"We-ell, I'm all right. What's the matter with me?"
"Nothing at all that I know of, darling." But it does cross the speaker's mind that the context of circumstances might make this an opportunity for getting at some information she wants. For Sally has remained perfectly inscrutable about Conrad Vereker, and Rosalind has been asking herself whether it is possible that, after all, there is nothing. She doesn't know how to set about
it, though. Perhaps the best thing would be to take a leaf out of Sally's own book, and go straight to the bull's-eye.
"Do you really want to know what I was thinking of, Sallykin?" But no sooner has she formulated the intention of asking a question, and allowed the intention to creep into her voice than Sally knows all about it.
"As if I don't know already. You mean me and Prosy."
"Of course. But how did you know?"
"Mammy dear! As if I was born yesterday! If you want people not to know things, you mustn't have delicate inflexions of voice. I knew you were going to catechize about Prosy the minute you got to 'did I really want to know.'"
"But I'm not going to catechize, chick. Only when you ask me what I'm thinking about, and really want to know, I tell you. I was thinking about you and Conrad Vereker." For some mysterious reason this mention of his name in full seems to mature the conversation, and make clearer definition necessary.
Our own private opinion is that any one who closely observes human communion will see that two-thirds of it runs on lines like the foregoing. Very rarely indeed does a human creature say what it means.
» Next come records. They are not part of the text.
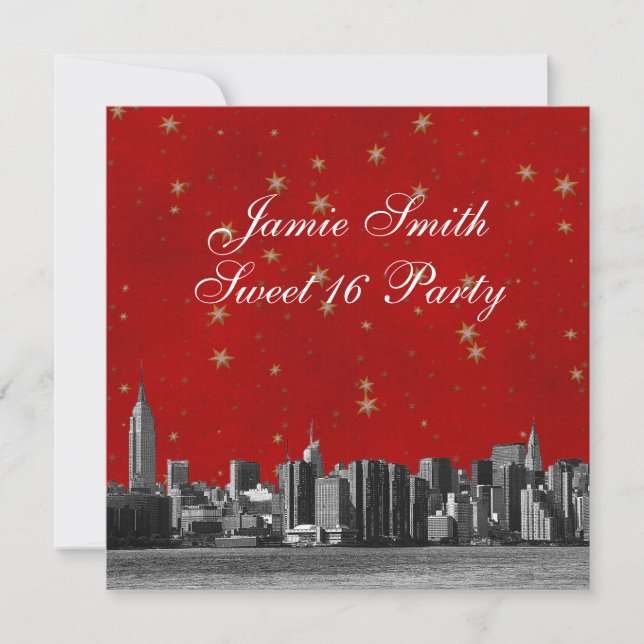 Invitación Skyline NYC Etched #3 Red Gold Star Sweet 16 (Anverso)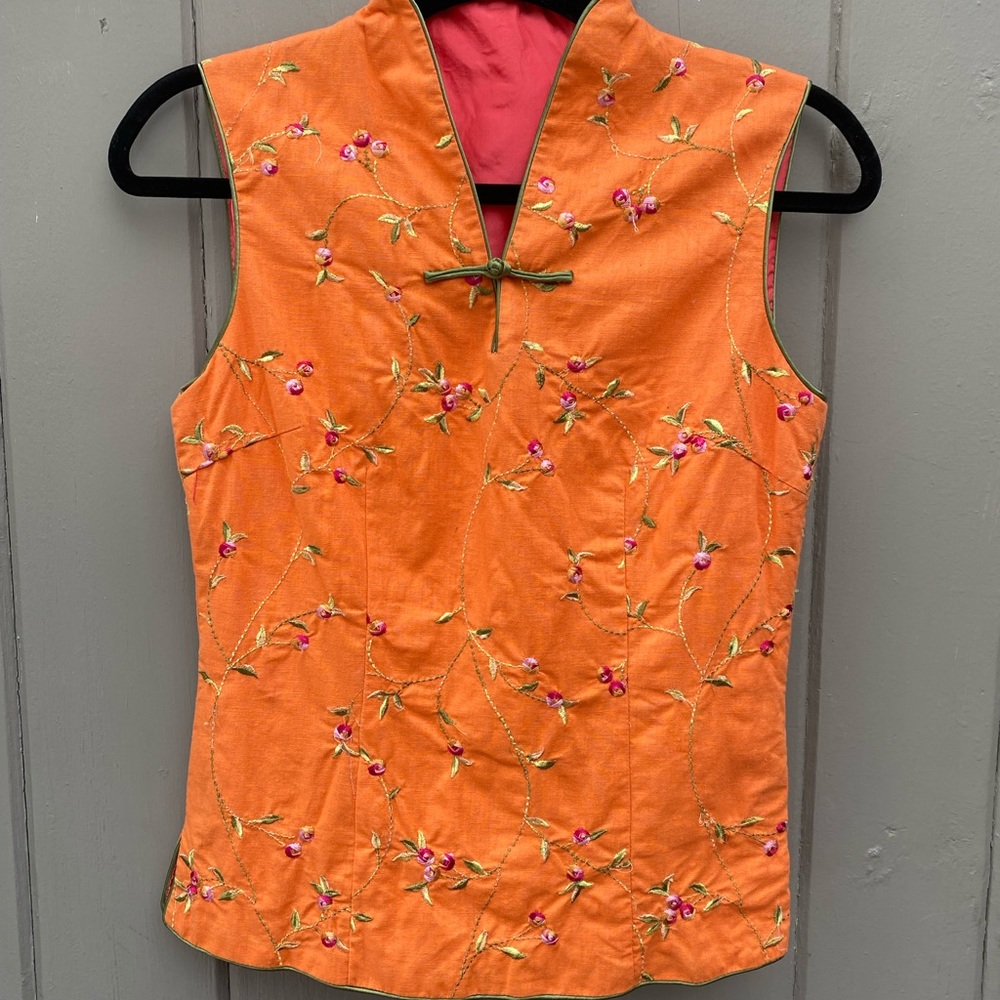 Orange Linen Cheongsam Top with Rose Floral Embroidery  Frog Knot // US Size M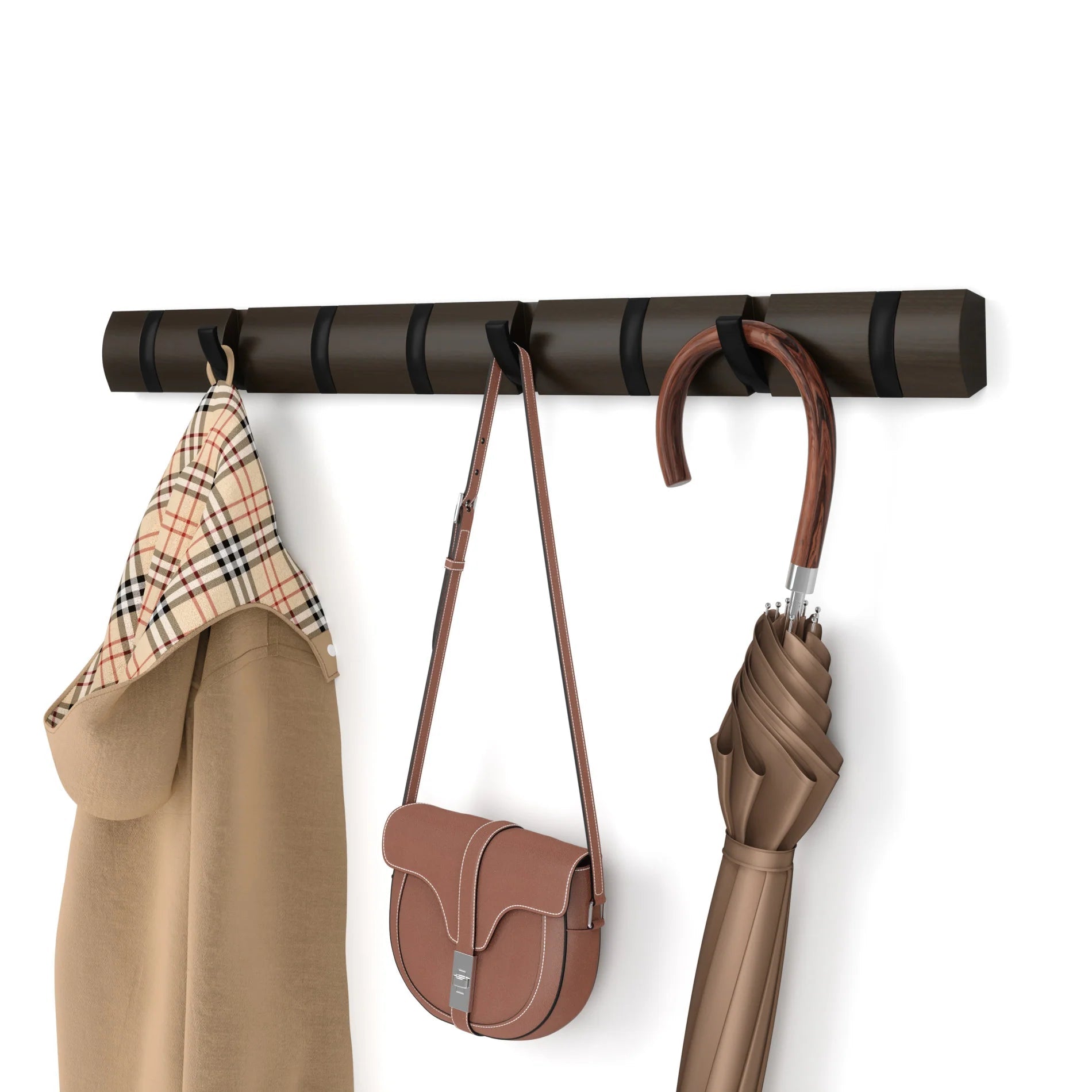 Umbra Επιτοίχια Ξύλινη Κρεμάστρα με 8 Γάντζους - Flip - Walnut / Black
Exhaustive definition, lucid statements, concise terminology—even plain English—are foreign to its nature. The congenial soil in which the fruit of Intelligence ripens is Suggestion, and the wireless telegraphs of the mind are the means by which it rejoices to communicate. Don't try to say what you mean—because you can't. You are not clever enough. Try to mean what you want to say, and leave the dictionary to take care of itself.
This little bit of philosophizing of ours has just given Sally time, pondering gravely with the eyebrows all at rest and lips at ease, to deal with the developed position created by the mere substitution of a name for a nickname.